To calculate an employee's pension benefits, AOL Time Warner's plan administrators first calculated the employee's average compensation. Although a plan provision existed to take into account compensation during partial years of employment, plan administrators were only applying the provision if the employee had been a plan participant for less than a year. Plaintiffs contended the provision should have been applied to all participants with partial years of employment, and employees whose compensation was highest during their partial year of employment had not received all the benefits they were due.

Judge Denise Cote noted that class counsel had overcome many disadvantages to achieve this positive outcome, including the fact that many class members had signed standard releases required of all employees electing a lump-sum distribution, and the court had denied class certification earlier in the case, before the settlement. Noting the "substantial likelihood that class members would receive no payments at all absent this settlement," the judge praised the settlement as fair.

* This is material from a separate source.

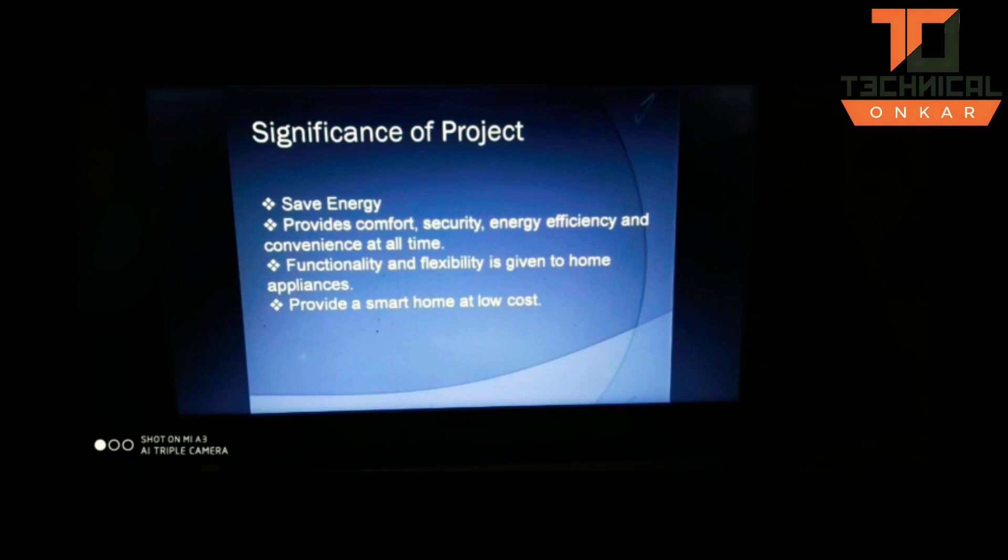What can home automation do? It can increase your independence and give you greater control of your home environment. It can save time and effort, improve personal safety, and most importantly increase your home's energy efficiency and the functionalities and flexibility of home appliances.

"Even more significantly, as a result of this litigation, approximately forty-two Plan participants who were eligible to receive pensions were (discovered) and will now be in a position to receive pension benefits for the first time," Judge Cote added. Finally, because the settlement required Defendants to amend the plan language, "the attorneys have bestowed a benefit on the Plans by removing an arguable ambiguity from the governing documents."